* [Task material]
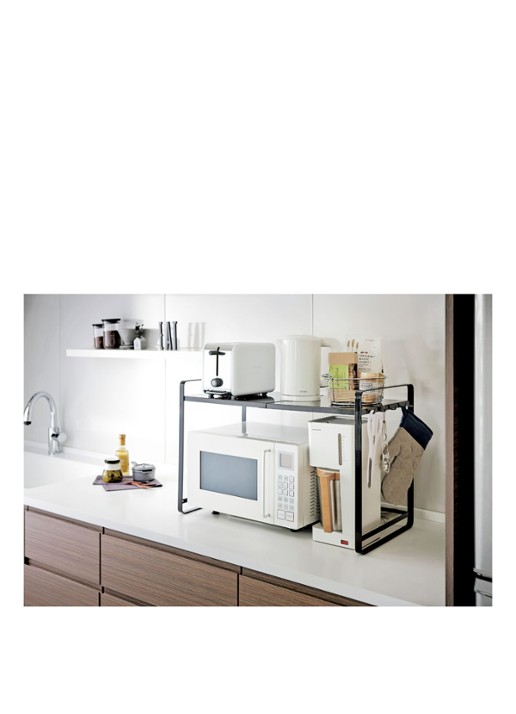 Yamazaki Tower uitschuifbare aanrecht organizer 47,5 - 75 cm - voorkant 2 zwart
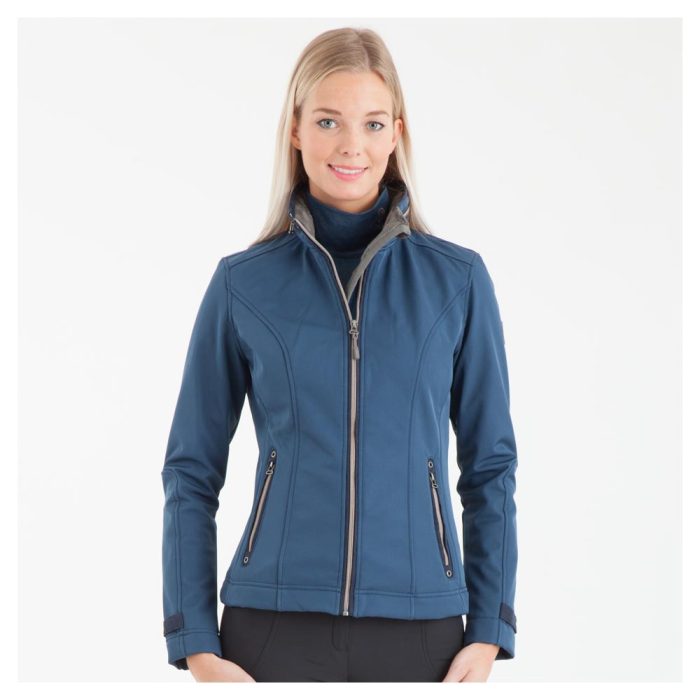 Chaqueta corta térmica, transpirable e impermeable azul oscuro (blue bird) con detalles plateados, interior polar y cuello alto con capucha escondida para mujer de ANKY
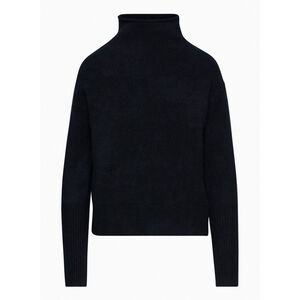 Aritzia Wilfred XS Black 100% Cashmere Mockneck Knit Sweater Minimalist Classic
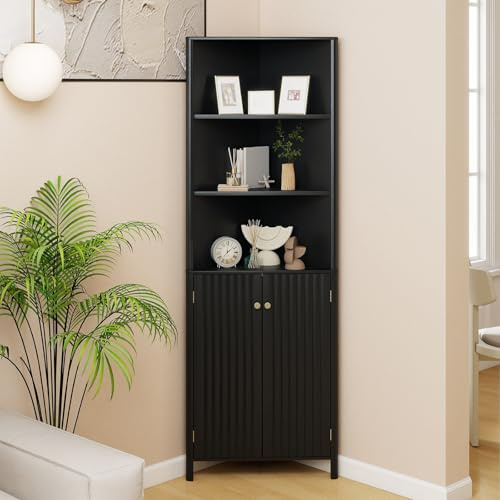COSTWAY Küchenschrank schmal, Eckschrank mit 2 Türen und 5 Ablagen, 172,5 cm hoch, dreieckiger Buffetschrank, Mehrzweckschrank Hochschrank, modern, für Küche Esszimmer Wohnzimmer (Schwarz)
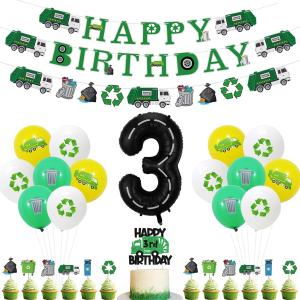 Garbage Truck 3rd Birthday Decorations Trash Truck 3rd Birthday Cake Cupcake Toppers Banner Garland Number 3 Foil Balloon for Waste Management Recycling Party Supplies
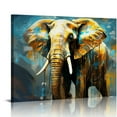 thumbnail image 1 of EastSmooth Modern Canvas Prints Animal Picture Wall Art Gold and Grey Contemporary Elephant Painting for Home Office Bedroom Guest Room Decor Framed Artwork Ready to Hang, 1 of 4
...
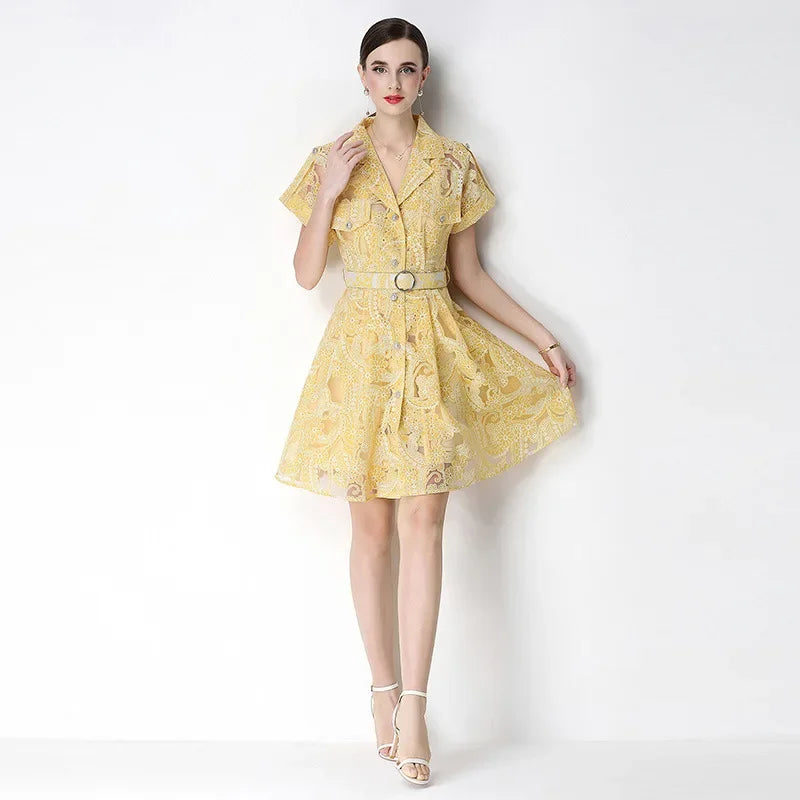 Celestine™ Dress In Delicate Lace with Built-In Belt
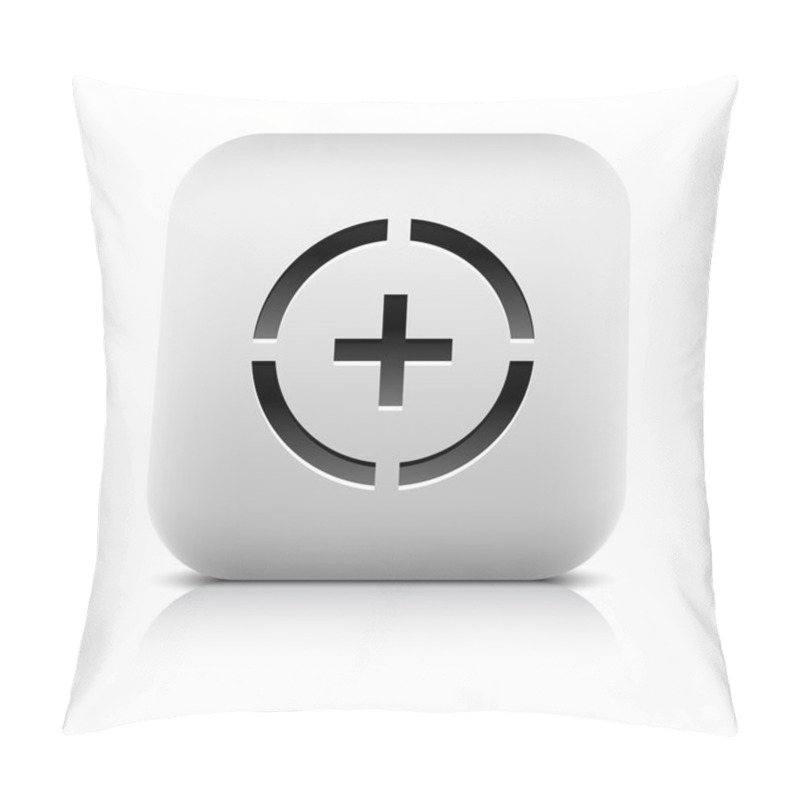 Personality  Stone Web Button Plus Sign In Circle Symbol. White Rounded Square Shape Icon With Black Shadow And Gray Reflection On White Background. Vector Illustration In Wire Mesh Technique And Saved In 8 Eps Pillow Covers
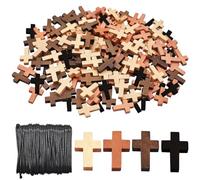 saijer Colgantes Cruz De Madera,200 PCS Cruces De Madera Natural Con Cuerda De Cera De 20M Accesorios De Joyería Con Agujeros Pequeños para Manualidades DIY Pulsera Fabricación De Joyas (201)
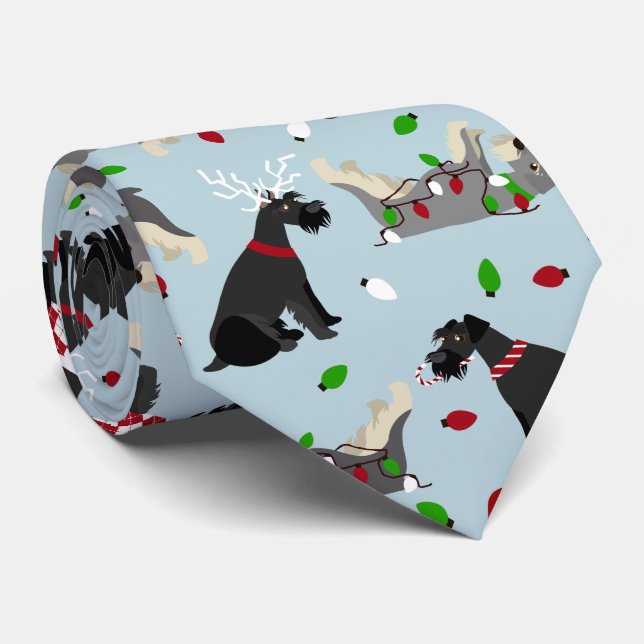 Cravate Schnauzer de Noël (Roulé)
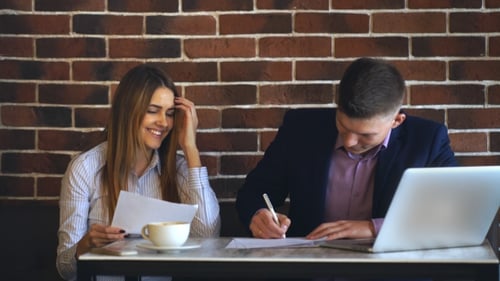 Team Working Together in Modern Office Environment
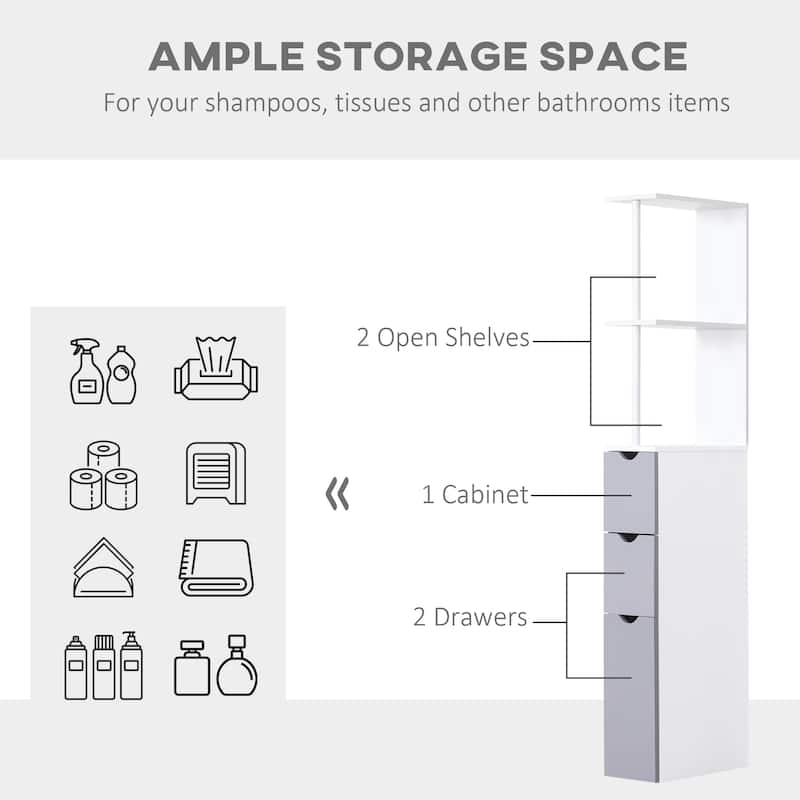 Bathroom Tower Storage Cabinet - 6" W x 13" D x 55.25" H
--
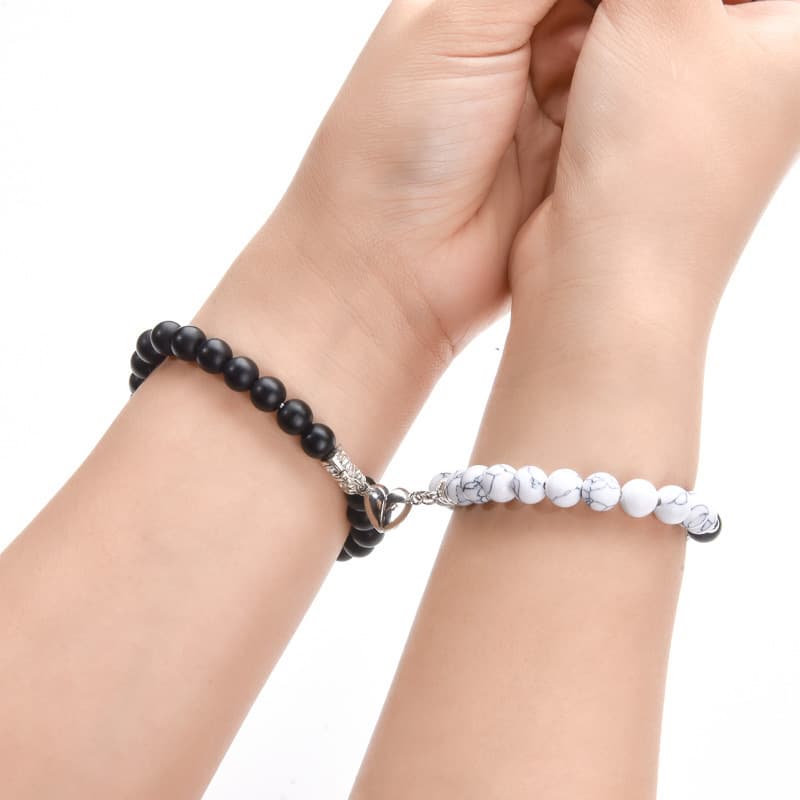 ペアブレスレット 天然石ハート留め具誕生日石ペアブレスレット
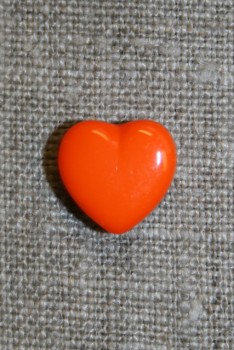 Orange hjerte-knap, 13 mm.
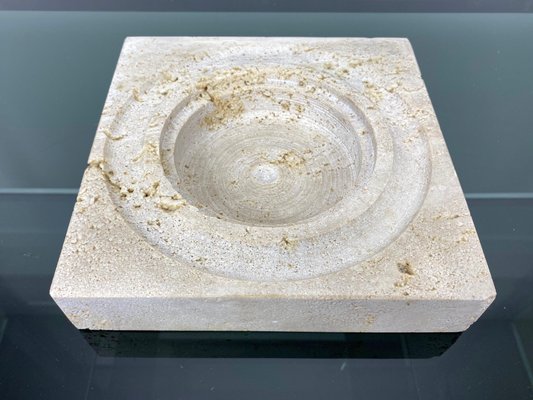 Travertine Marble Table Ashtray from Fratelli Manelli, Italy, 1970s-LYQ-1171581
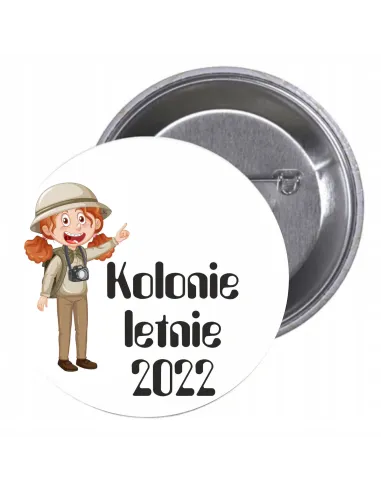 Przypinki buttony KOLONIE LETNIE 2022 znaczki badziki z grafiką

* [Task goal]
Within the data above, repeat exactly the lines from the one bearing "Aritzia Wilfred XS" through the one bearing "Garbage Truck 3rd". Include no pictures and nothing else.

* [Output for this task]
 Aritzia Wilfred XS Black 100% Cashmere Mockneck Knit Sweater Minimalist Classic
COSTWAY Küchenschrank schmal, Eckschrank mit 2 Türen und 5 Ablagen, 172,5 cm hoch, dreieckiger Buffetschrank, Mehrzweckschrank Hochschrank, modern, für Küche Esszimmer Wohnzimmer (Schwarz)
 Garbage Truck 3rd Birthday Decorations Trash Truck 3rd Birthday Cake Cupcake Toppers Banner Garland Number 3 Foil Balloon for Waste Management Recycling Party Supplies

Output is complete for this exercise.